The Maine House will vote today on LD1020, the “same -sex marriage” bill. Supports believe it will have no trouble passing the House. Of the 64 co-sponsors of the bill 54 were from the House. More as it comes.

One Step Closer to Equality

LD 1020 (the marriage equality bill) has passed the Maine Senate 21 to 14 after some debate on amendments. On to the House!

…Of course the looming threat of the “People’s Veto” will surely surface in November.

LD 1020 – Maine gay marriage debates y’all

While cooking breakfast this morning I heard a brief snippet about a gay marriage vote today here in Maine. After scouring the internets, I could find no mention of this vote. All the news outlets and the Maine government site were surprisingly silent. Hopefully by the time you read this something will be up to prove I’m not going crazy. UPDATE: I did mishear. They were talking about the vote yesterday in favor of moving the bill to the legislature.

LD 1020, if passed, will legally recognize any marriage between two adults, gender specific terms being removed. It also reaffirms that this will not infringe in any way on religious teachings, meaning no church can be penalized for choosing who they will or will not marry.

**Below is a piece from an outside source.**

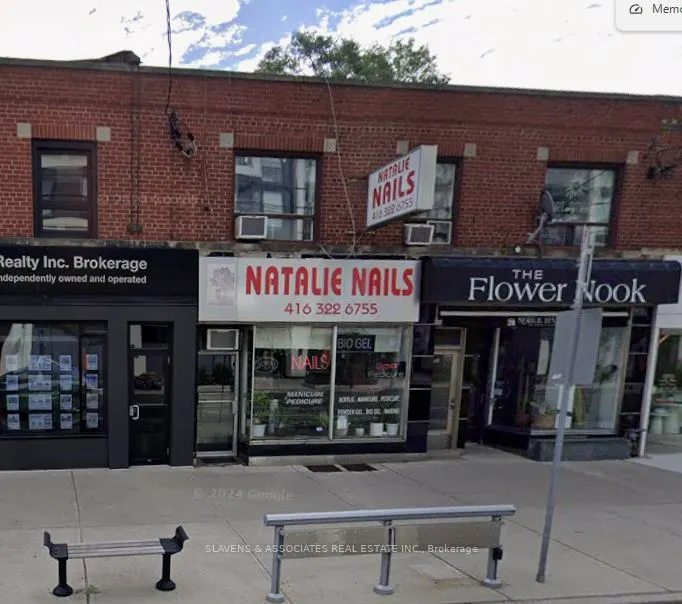 1731 Bayview Avenue, #2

Last week citizens on each side of the issue met in Augusta to voice their opinions on gay marriage. The Portland Phoenix offers a “play-by-play” of the event. My wife discouraged me from reading the thing as yelling at a weekly paper is less than productive. The article was quite good, a reminder of why twitting news just doesn’t always cut it. The piece echoes something a woman who attended the meeting told me; all of the arguments of those opposed were either biblical, junk science, wives’ tales, and easily refuted.

Highlights:
One woman read a poem entitled “The Manly Man” as her argument. The poem was of dubious quality, which of course is my opinion. “The world delights in the manly man, and the weak and evil flee/When the manly man goes forth to hold his own on land or sea.” The article says the author is unknown, but I found the full poem by “jollynoblefrog” at this site.

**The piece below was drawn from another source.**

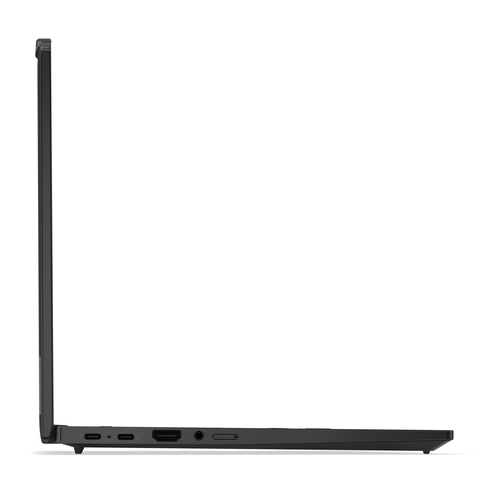 Lenovo ThinkPad T14s Gen 5 Intel Core Ultra 7 155U Laptop 35,6 cm (14") Touchscreen WUXGA 16 GB LPDDR5x-SDRAM 1 TB SSD Wi-Fi 6E (802.11ax) Windows 11 Pro Engels Zwart - Afbeelding 4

Reverend Steve Young stated, “Gay people get sick more often than straight people. If we do this, your Anthem bills will go up.” That may be true, or horribly false, but then what does that have to do with marriage? By the logic Rev. Young uses, homosexuals get sick more often just because they are gay. Their mere existence leads to their increased illness. So marriage is not really a factor.

One man opposed gay marriage on the grounds that his wife of 10 years left him for another woman. Perhaps if she could have married a woman in the first place that wouldn’t have happened. In any case, wouldn’t you rather people be in loving marriages than unhappy mismatches?

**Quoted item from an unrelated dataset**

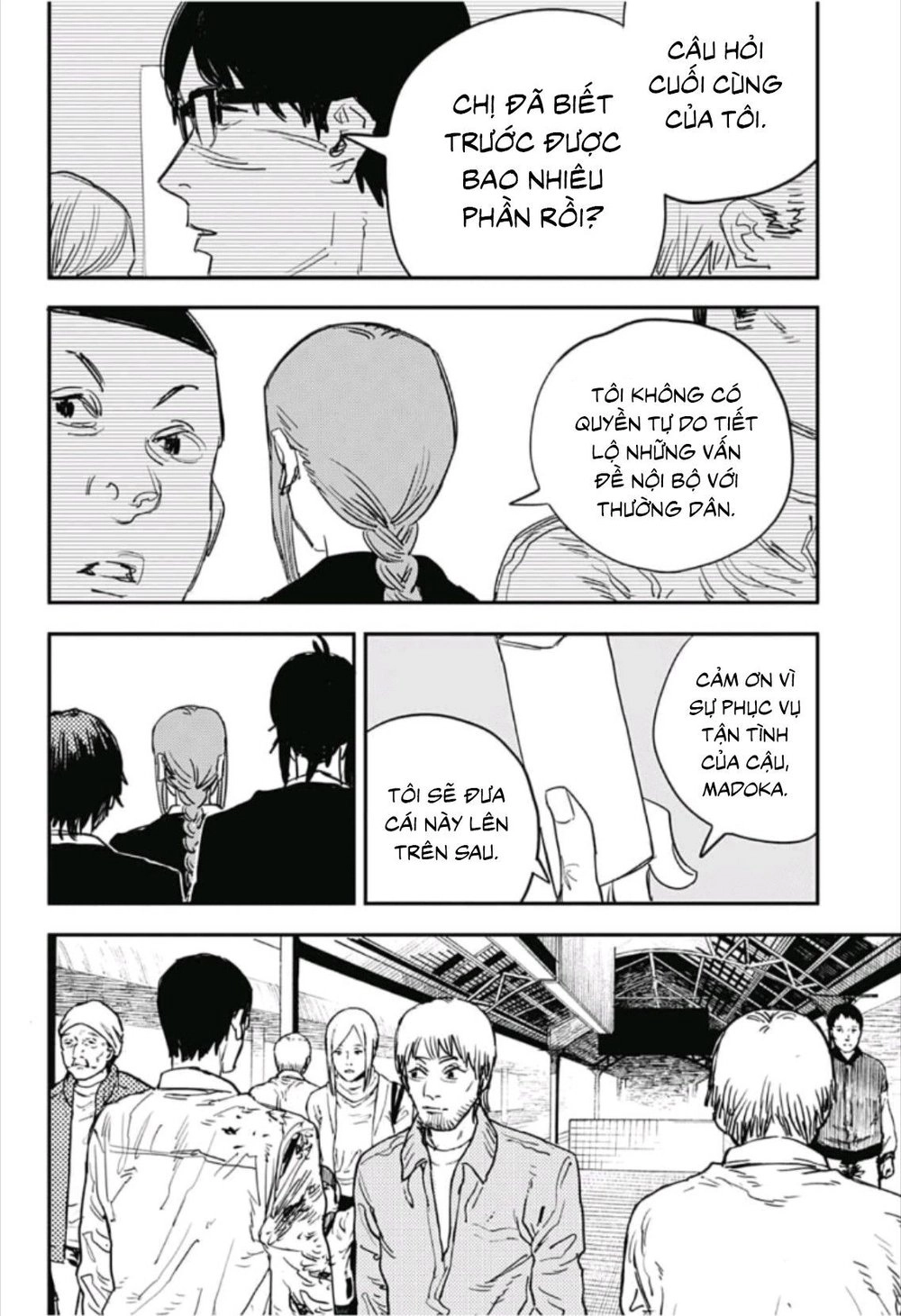 Thợ Săn Quỷ Chapter 28 - 20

A WWII veteran said these inspiring words: “I was asked by a woman at a polling place recently if I believed in equal rights for all people. I told her that’s what I fought for on Omaha Beach.”

Some prophetic words to end with that speak to more than just this issue: “We are Republicans and Christians,” says an LD 1020 supporter standing next to her husband at the podium. “Love thy neighbor as yourself. The young people get this, you know?”